(Short descriptive text snippets)
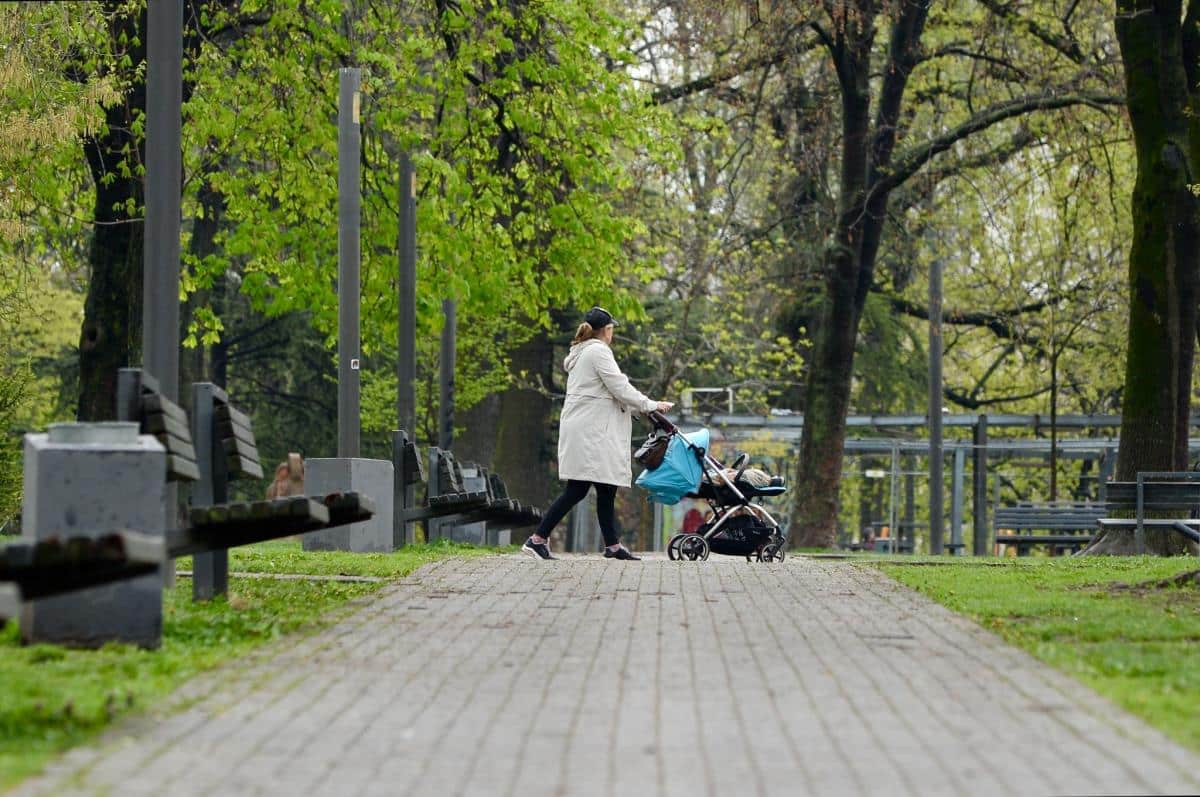 Ne sklanjajte kišobrane, još uvek nismo završili sa kišom! RHMZ se oglasio upozorenjem, stiže nam vremenski obrt – a evo kada i gde!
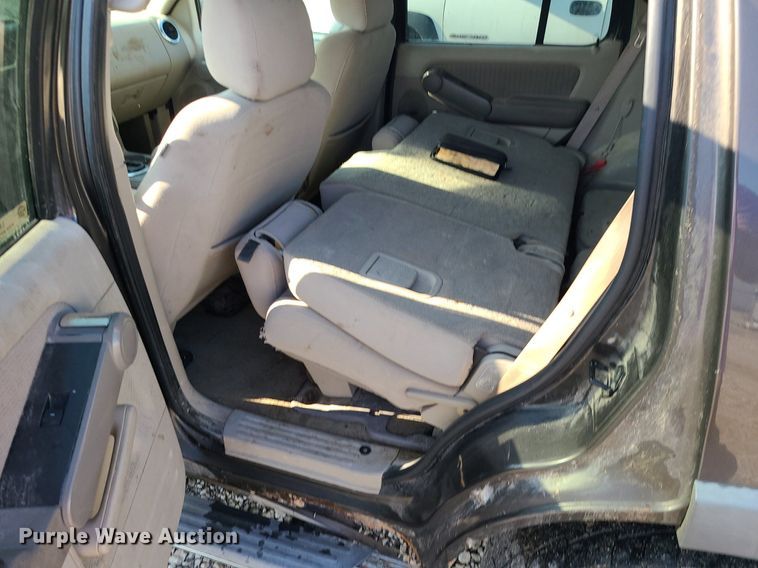 image for item LE9196 2006 Ford Explorer  SUV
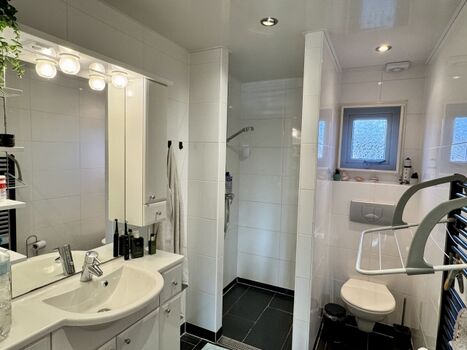 Das Bad verfügt über eine ebenerdige Dusche
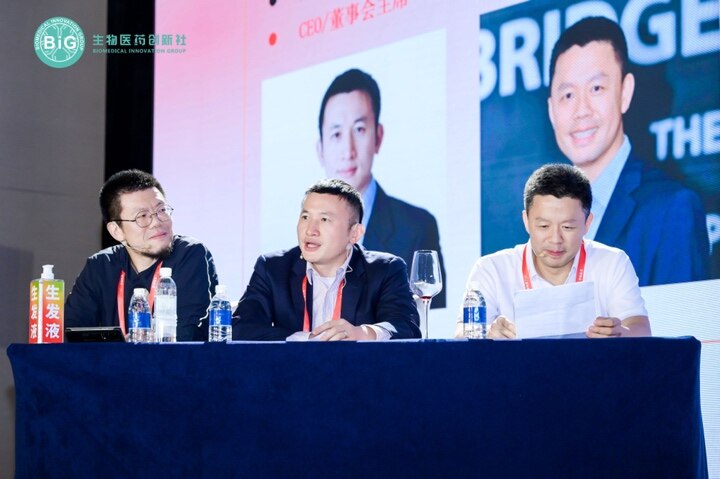 投资人和创始人互换角色，演了一出Biotech如何开源节流的剧本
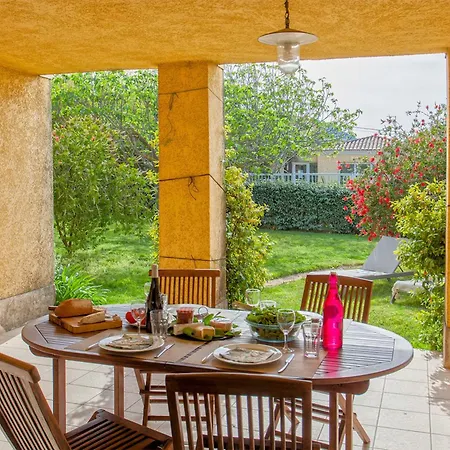 Location De Figuier Avec Jardin Barbecue Piscine Chauffee A アパート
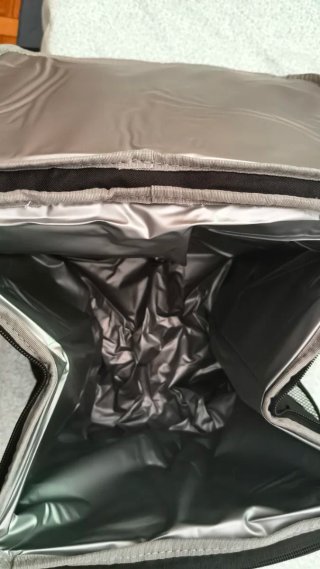 Mochila nevera negra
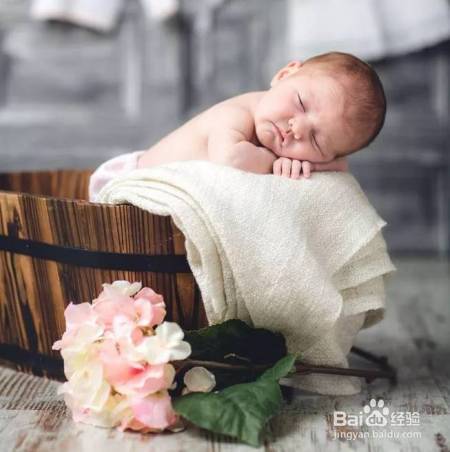 宝宝痱子总是好不了，妈妈快这样应对！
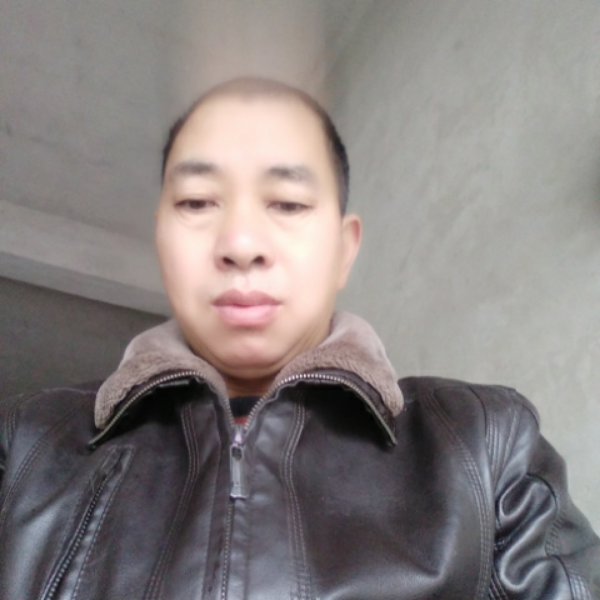 狐独的小草的照片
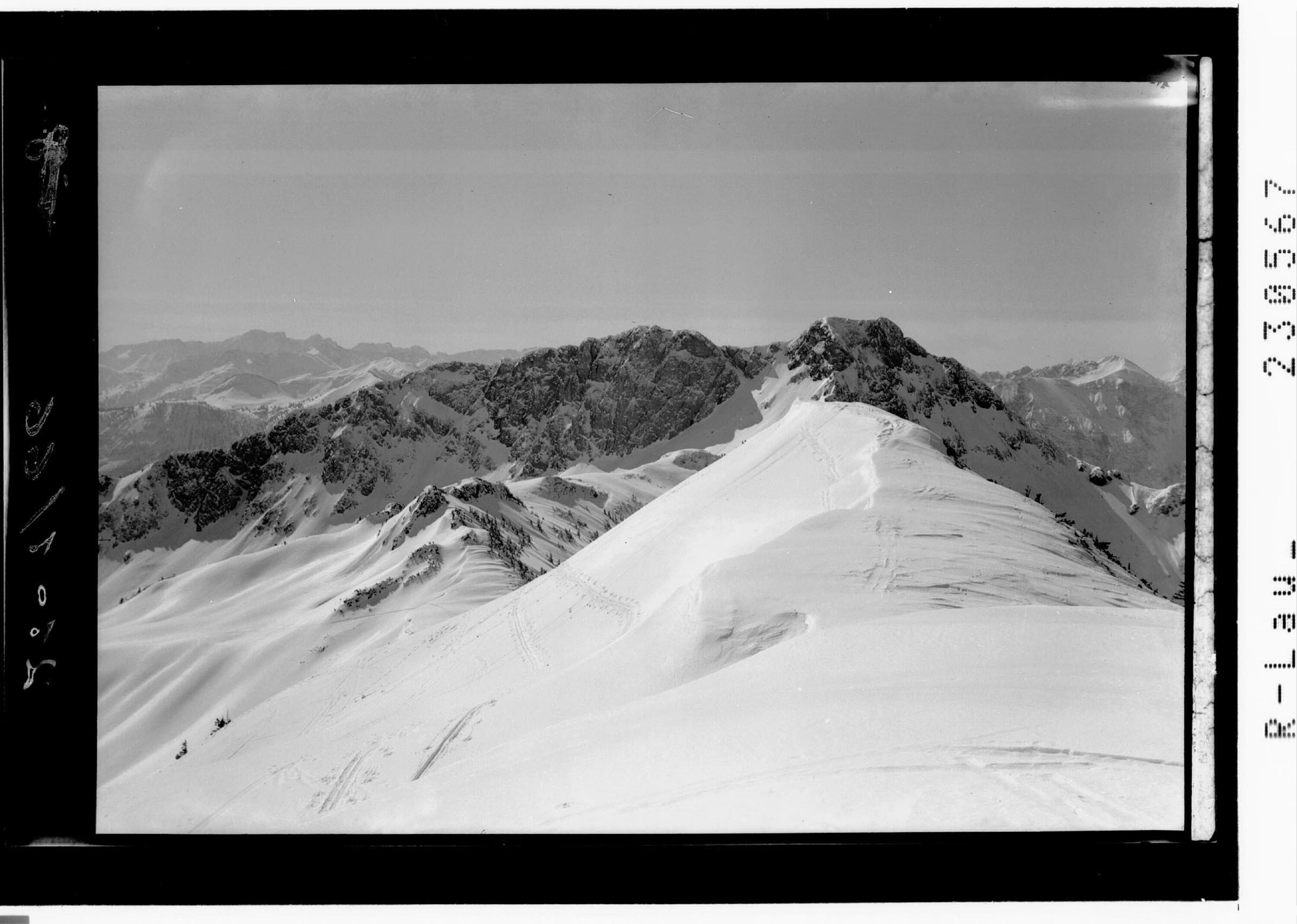 [Hahnenkamm gegen Gaichtspitze und Lechtaler Alpen mit Heiterwand und Schwarzhanskarspitze / Ausserfern / Tirol]></div>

• WHAT YOU HAVE TO DO: All lines from the one containing "宝宝痱子总是好不了，妈妈快这样应对！" through the end of the entries above must be given again exactly, with every picture omitted.

• EXERCISE RESPONSE:
 宝宝痱子总是好不了，妈妈快这样应对！
 狐独的小草的照片
 [Hahnenkamm gegen Gaichtspitze und Lechtaler Alpen mit Heiterwand und Schwarzhanskarspitze / Ausserfern / Tirol]></div>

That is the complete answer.